Les investissements dans ces « AI Dragons » sont multiples, avec des financement direct, des développement de modèles propriétaires, la construction d’infrastructures IA. Le tout dans un objectif stratégique de sécuriser les briques critiques de la chaîne de valeur technologique (compute, données, entraînement, modèles, diffusion) et de réduire la dépendance aux technologies américaines.

Vers une nouvelle maturité du capitalisme technologique chinois

Ce mouvement de réactivation ne se limite pas aux acquisitions, les conditions de marché s’améliorent également. On observe ainsi le retour des introductions en bourse à Hong Kong ou Shanghai, le recours accru aux émissions obligataires, le désendettement progressif des conglomérats. Les entreprises structurent désormais leur développement sur des bases plus durables, avec une logique d’efficience et de souveraineté.

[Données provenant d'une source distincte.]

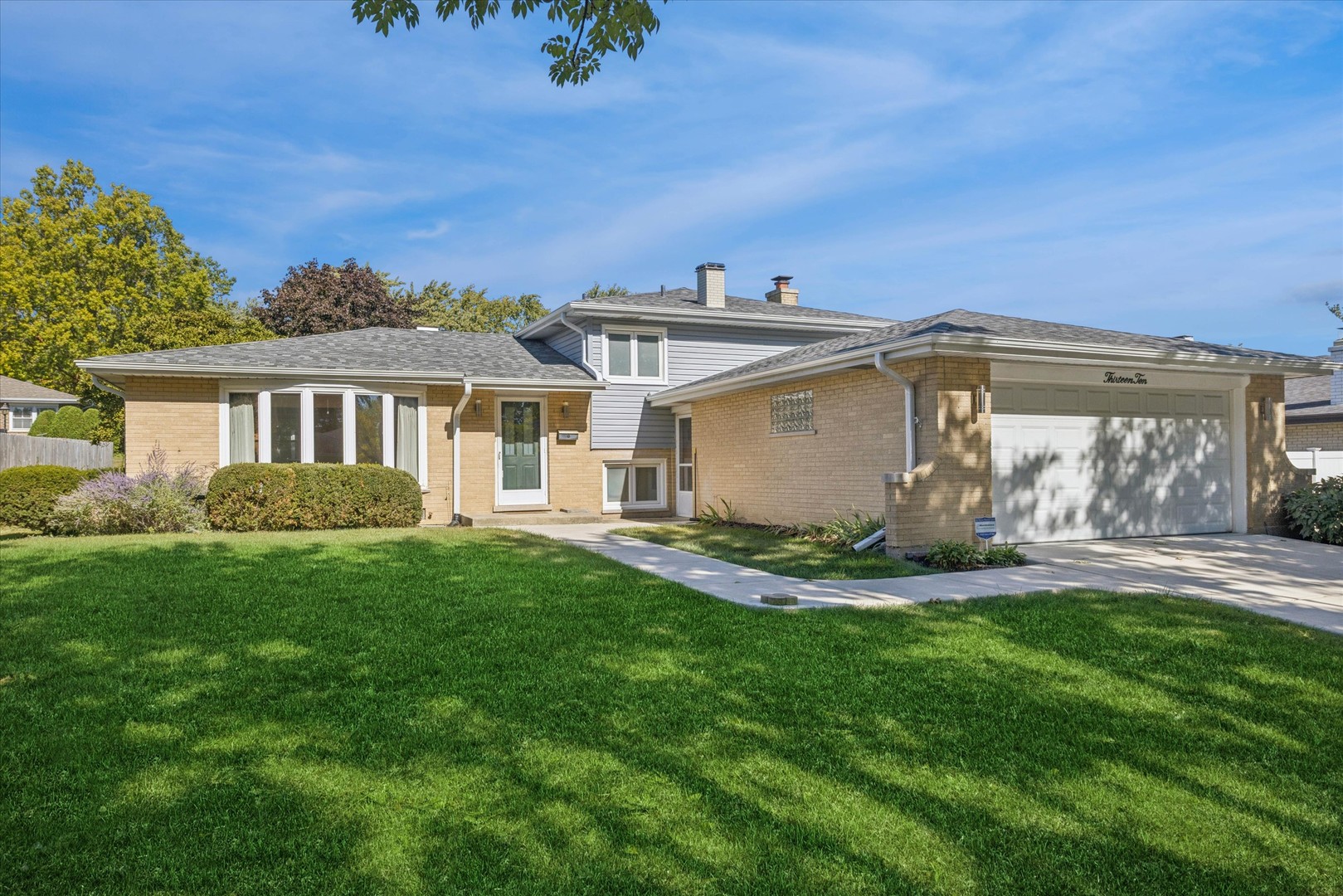 a view of a house with a yard and sitting area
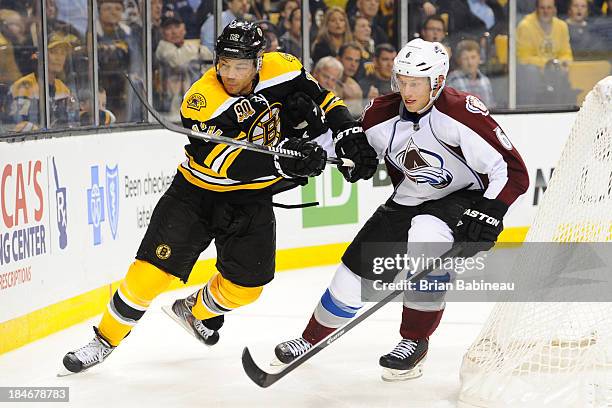 Jarome Iginla of the Boston Bruins skates against Erik Johnson of the Colorado Avalanche at the TD Garden on October 10, 2013 in Boston,...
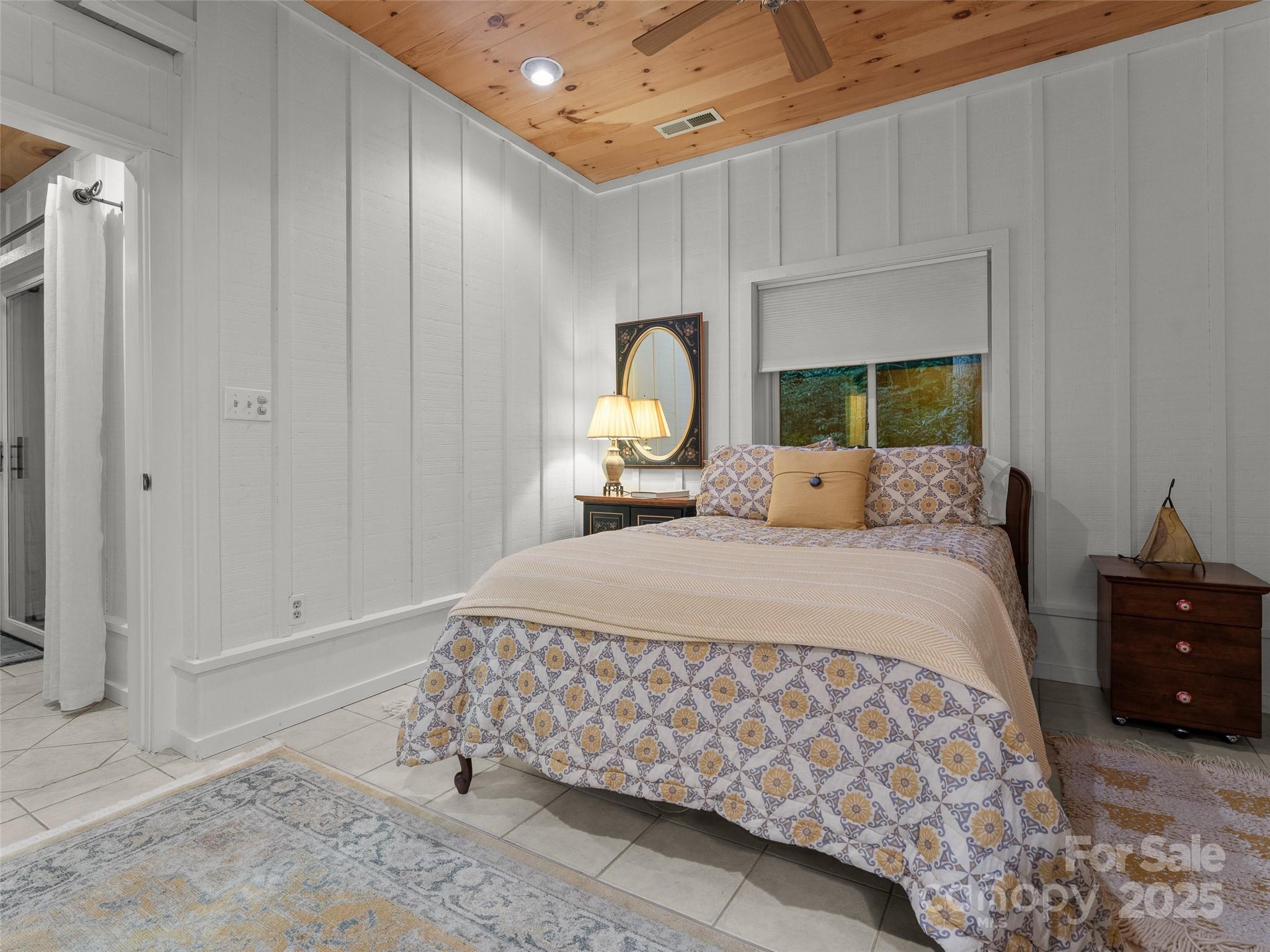 273 David's Trace Pisgah Forest, NC 28768 - Photo 39 of 48 a bedroom with a bed and a window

En parallèle, les marchés visés évoluent et la croissance intérieure ralentit, poussant les groupes à se tourner vers l’Asie du Sud-Est, la Corée du Sud, voire le Moyen-Orient. L’expansion internationale ne repose plus sur des prises de position agressives, mais sur des partenariats économiques, des transferts technologiques et des alliances locales.

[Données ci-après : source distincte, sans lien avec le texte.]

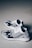 A pair of black and white slip-on sneakers with a modern, knitted design featuring horizontal and vertical patterns. The sole of the shoes is white with black accents. The background is a neutral, light-colored floor, creating a minimalist aesthetic.
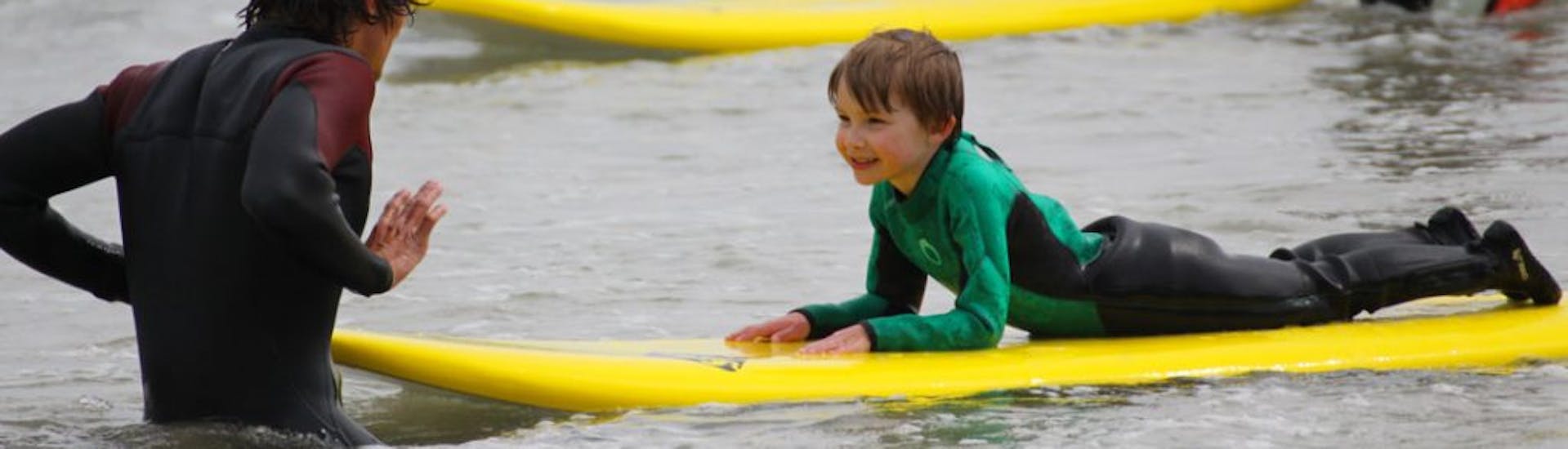 Boy learning how to surf with Minou Surf School Pays de Brest's Private Surf Lessons (from 5 y.) in Brest Country.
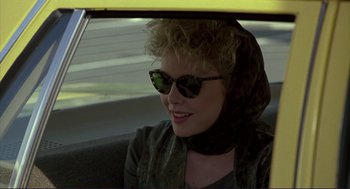 Movie still from “The Grifters” (1990), directed by Stephen Frears – A woman sitting in the back seat of a car; Close Up shot, Over the shoulder angle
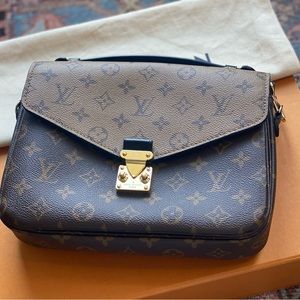 Louis Vuitton — reverse monogram crossbody pochette metis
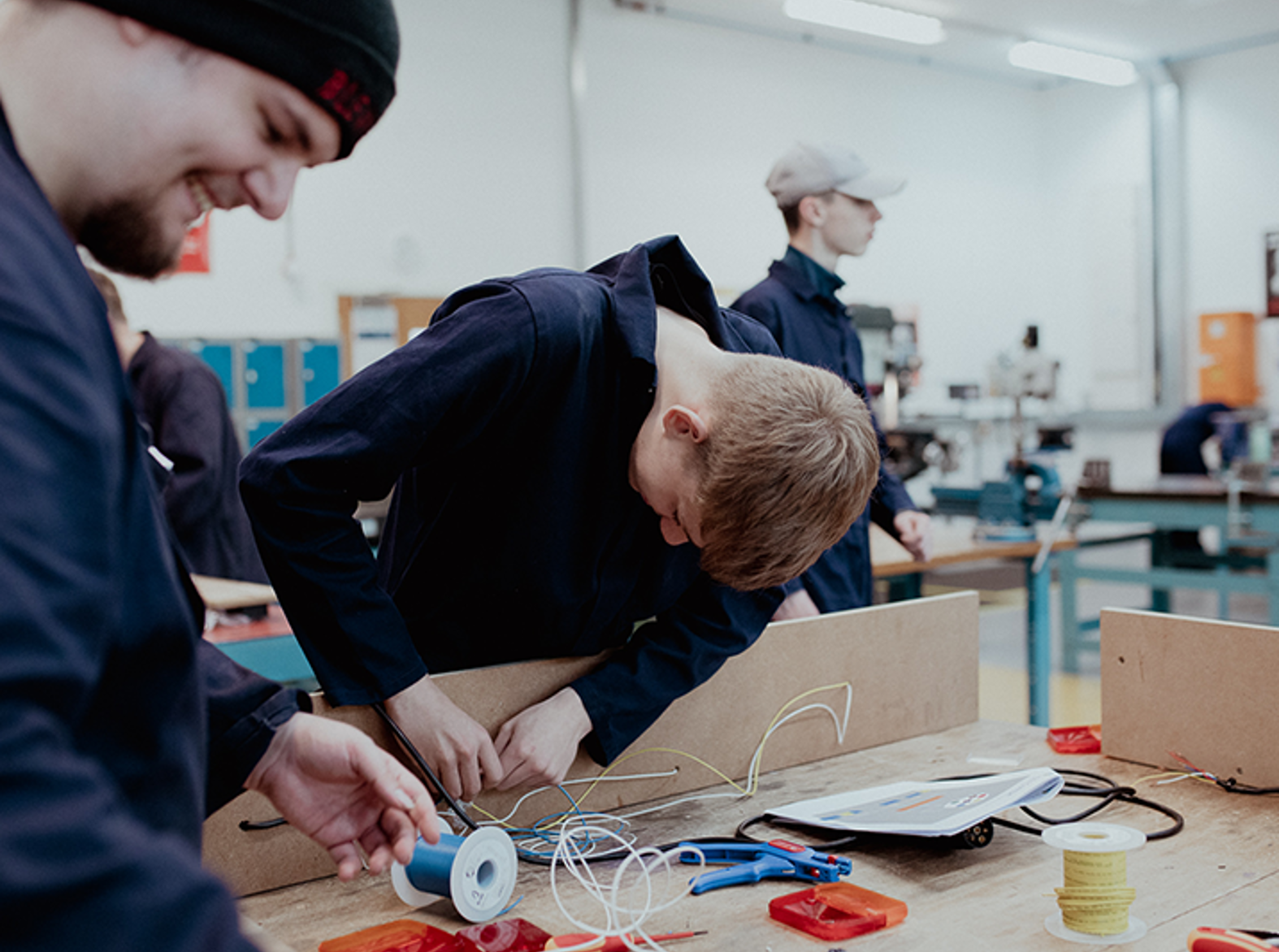 electrical students working on equipment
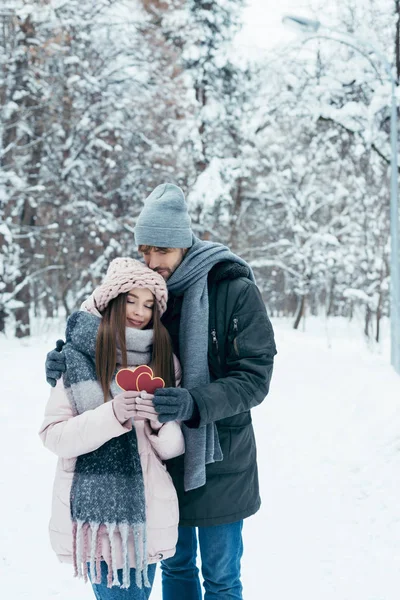 Casal macio com corações vermelhos no parque nevado no dia de inverno — Fotografia de Stock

Un capitalisme technonationaliste assumé

La phase actuelle ne marque pas pour autant un retour à la liberté totale, les géants chinois restent sous surveillance. Mais leur rôle a changé et ils sont devenus des instruments de projection stratégique. Pékin ne cherche plus à les affaiblir, mais à les rendre utiles et alignés, elles servent le pouvoir et ne dictent plus l’agenda économique,

Cette mutation traduit l’émergence d’un modèle spécifique que l’on pourrait appeler le capitalisme discipliné, recentré sur les technologies fondamentales, instrumentalisé pour répondre aux ambitions industrielles de long terme. L’État encadre, mais mobilise et les géants obéissent, tout en continuant à se développer. Si la ligne de crête reste étroite, la dynamique est relancée, à un moment clé de l’histoire de la tech mondiale.